Humayun Kabir Manik, a district judge, on Sunday joined as the judge in the first-ever special tribunal to deal with the stock market-related cases.
‘Humayun Kabir has submitted his joining letter to the Supreme Court, law ministry and the BSEC on Sunday,’ BSEC executive director Saifur Rahman told New Age.
Another BSEC official said that the law ministry asked the BSEC for setting up the tribunal on the commission compound. The commission was trying to set up the tribunal at the Chief Metropolitan Magistrate’s Court as the BSEC is suffering from space shortage with its existing employees, he said.
The government on February 24 appointed Humayun, who had been serving as the judge in a special tribunal in Mymensingh, as the judge for the Bangladesh Securities and Exchange Commission’s special tribunal.
The special tribunal, formed under the Securities and Exchange Ordinance 1969 for the first time, will start functioning soon, the official said.

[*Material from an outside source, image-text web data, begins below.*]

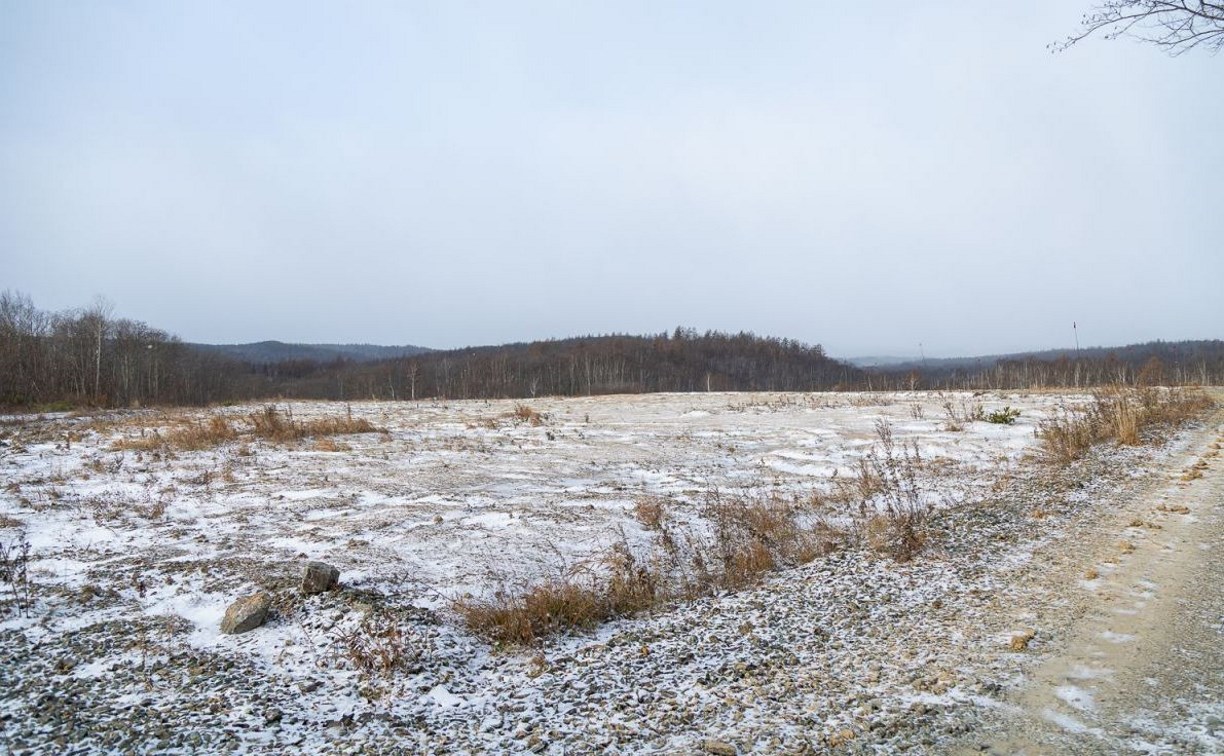 На "Ласточке" открыли новый участок, в Лиственничном ограничивают захоронения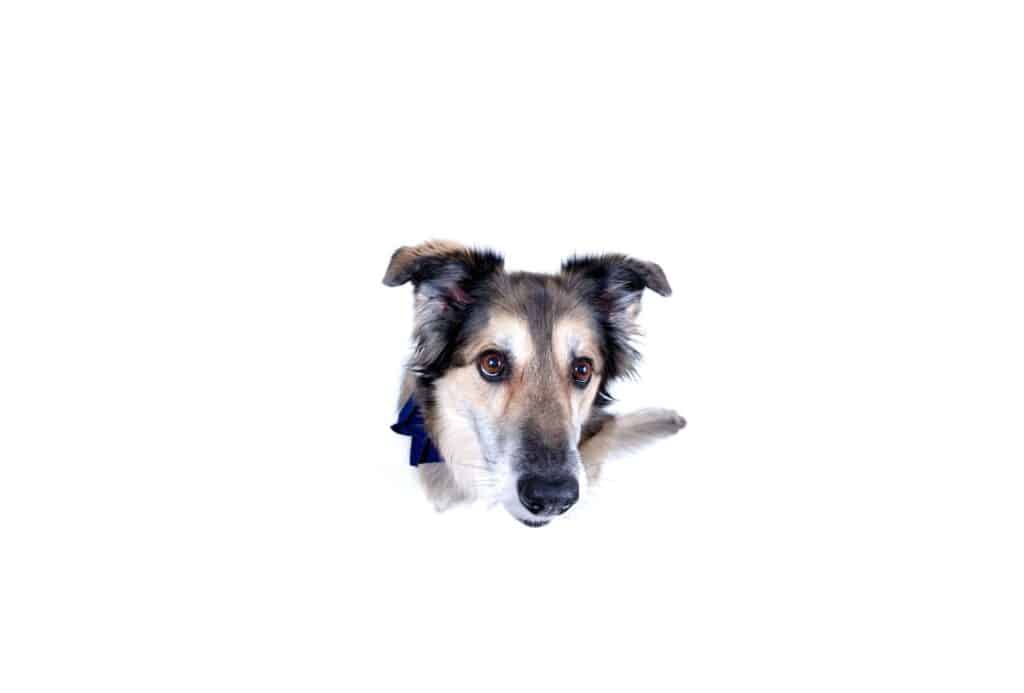 The Shollie is a mix between German Shepherd and Border Collie.
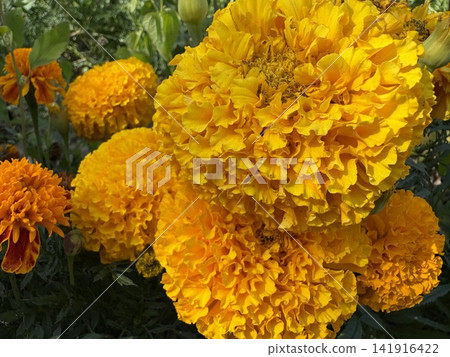 Vibrant yellow and orange marigold flowers blooming in a sunny garden Vibrant yellow and orange marigold flowers blooming in a sunny garden 141916422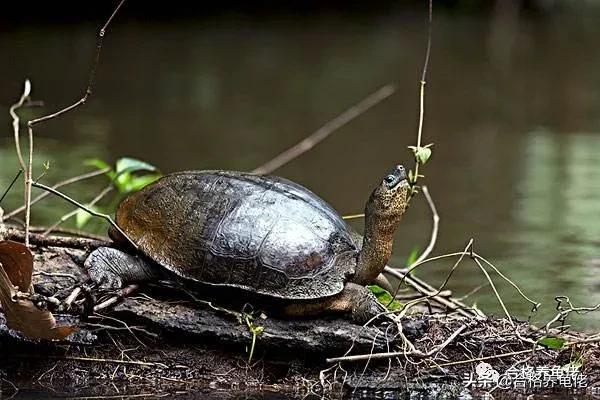 龟腐甲自愈方法,龟轻微腐甲怎么治疗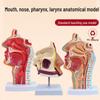 ЛОР Анатомическая модель полости носа, глотки и рта человека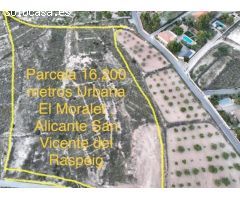 ¡Parcela urbanizable en El Moralet, Alicante: 16.200 m² para tu proyecto ideal!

The law ministry in January sent a proposal to the Supreme Court for
appointing Mustafizur Rahman, a district judge now deputed in the ministry, as the judge of the tribunal, but the Supreme Court recommended Humayun Kabir for the job, acting law secretary Abu Saleh Sheikh Md Zahirul Haque had told New Age earlier.
The government on December 10, 2012 amended the Securities and Exchange Ordinance 1969 making provisions for the establishment of a special tribunal to deal with the cases relating to stock markets in response to a longstanding demand from different quarters.

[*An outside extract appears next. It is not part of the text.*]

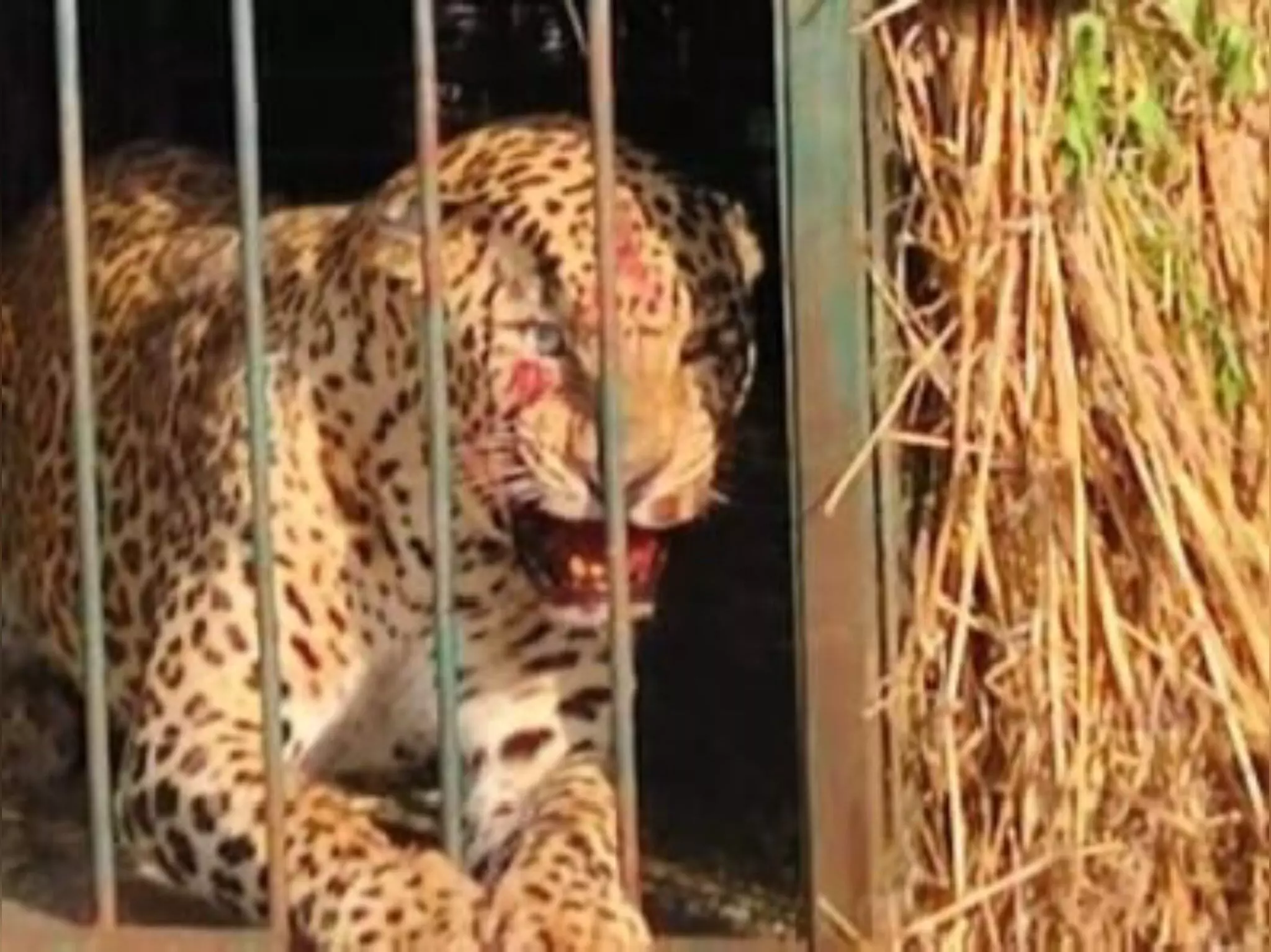 Leopard spotted at Shamshabad Airport caught after six days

According to statistics available with the Bangladesh Securities and Exchange Commission, the number of cases filed by and against the commission rose to 398 till September 2012. The number was 52 in 1999.
Of the 398 cases, six were pending with the Appellate Division, 159 with the High Court, 203 with the General Certificate Court in Dhaka, nine with the Dhaka Joint District Judge’s Court, two with the Assistant Judge’s Court and the rest with different other lower courts, the data showed.

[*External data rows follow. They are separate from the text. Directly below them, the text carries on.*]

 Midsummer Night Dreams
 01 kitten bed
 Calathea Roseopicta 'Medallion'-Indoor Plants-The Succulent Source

In September 2013, the commission sent the report on the progress of 17 cases to the finance ministry.
None of the 17 cases related to stock market scams in 1996 and 2010-11 have so far been disposed of even after the appointments of two new lawyers to deal with the cases, the commission had informed the finance ministry.
The commission report showed that 15 of the 17 cases were filed in connection with the 1996 stock market scam. Of them, one was pending with the Appellate Division, 12 with the High Court and two with the Metropolitan Magistrate’s Court.
The rest two of the 17 cases were filed in connection with stock market scam in 2010, said the report.